17. STICK TO BUDGETS FOR EXPENDITURE

Know what you're going to spend on company supplies and new equipment and stick to it. Don't overspend on non-essentials. Control overheads, add employees cautiously (consider outsourcing in the interim), and make sure staff aren't spending you into difficulties.

18. KEEP INVENTORY LOW

Don't buy inventory based on hopes and dreams. Consider, for example, ordering less stock but more often. It may also be worth looking at changing your product mix, dropping items that tie up cash the longest and switching to faster-moving product.

19. LEASE ASSETS TO CUT COMMITMENT

Leasing gives the use of an asset without paying for it all at once - in effect, you pay for the asset with the income it generates. It's a rental agreement; almost anything can be leased and contracts are flexible and can be tailored to your needs. Lease payments - usually fixed, helping cash management - are generally tax-deductible as a business expense. If you require the asset for much less time than its useful life, look at an operating lease - in which you do not share in any subsequent sale proceeds. If you require the asset for most of its working life, you may want a finance lease, which normally lets you continue paying a peppercorn rent for use beyond the initial lease. Unlike hire purchase, you rent the asset with an option to purchase. You can claim capital allowances as though you had bought outright.

20. DRAW OUT CASH WITH SALE-AND-LEASEBACK

In sale-and-leaseback (also called purchase leaseback), you sell an asset that your business already owns to the leasing company for fair market value or written-down book value, and then lease it back.

21. GET THE BEST RETURN ON YOUR CASH

A credit card or overdraft is likely to charge more in interest than you can earn in a savings account, so always look to pay down those first with any positive cashflow. But if these debts are repaid and you still have spare cash, consider opening a business savings account. This is likely to pay a higher interest rate on credit balances than your current account. Shop around for the best deal (try www.moneyfacts.co.uk) - accounts don't need to be opened with your existing bank.

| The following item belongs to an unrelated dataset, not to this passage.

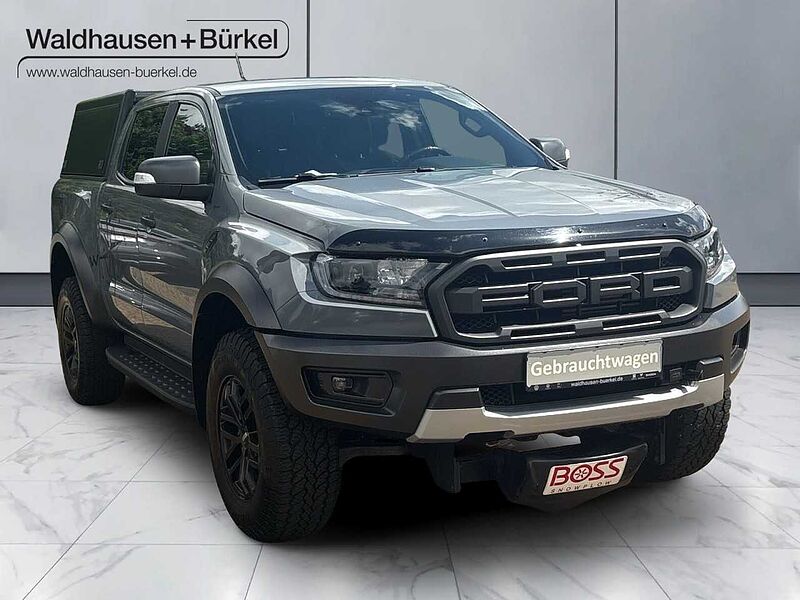 Ford Ranger Raptor DoKa 2.0 TDCi 4x4 Automatik Panther *VIEL ZUBEHÖR / KAMERA / LEDER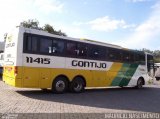 Empresa Gontijo de Transportes 11415 na cidade de Belo Horizonte, Minas Gerais, Brasil, por Maurício Nascimento. Número da foto: #2314088.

22. TAKE ADVANTAGE OF VAT RULES

If you are registered for VAT, it may make sense to buy big items at the end rather than the start of VAT periods. You can then set the purchase VAT against the VAT you charge on sales, so giving a temporary cashflow advantage. For businesses with a turnover up to £1.35m a year, the Annual Accounting VAT simplification scheme allows payments to be spread throughout the year, while the Cash Accounting Scheme allows eligible businesses to defer VAT until they have received payment from customers - rather than at invoicing.

23. RESPOND TO TAX CARROTS/STICKS

Many financing arrangements can be treated as business expenses for reducing taxable profits. But there are also other potentially attractive tax breaks such as capital allowances for plant and machinery - where 50% of cost is tax-deductible in the first year - and the ability to multiply R&D costs by 150% for offsetting against taxable profits. As well as these tax carrots, respecting tax deadlines (for PAYE, self-assessment, corporation tax etc) will save on penalties.

24. KEEP PROSPECTING

New business development is key to ensure that work doesn't dry up. Don't just promote your business between jobs. Build effective alliances to leverage marketing resource and enhance visibility, and get referrals from current clients. Consider putting together project-oriented teams with third parties and working for multiple clients at a time to spread the workload.

25. CONSIDER THE BIGGER PICTURE

Selling products that lose money will inevitably put a strain on cashflow and so may make no sense. But don't rule out selling off a product line or a highly profitable part of your business to improve your overall financial position. Disposing of equity may also be worth considering - but beware of undervaluing your business.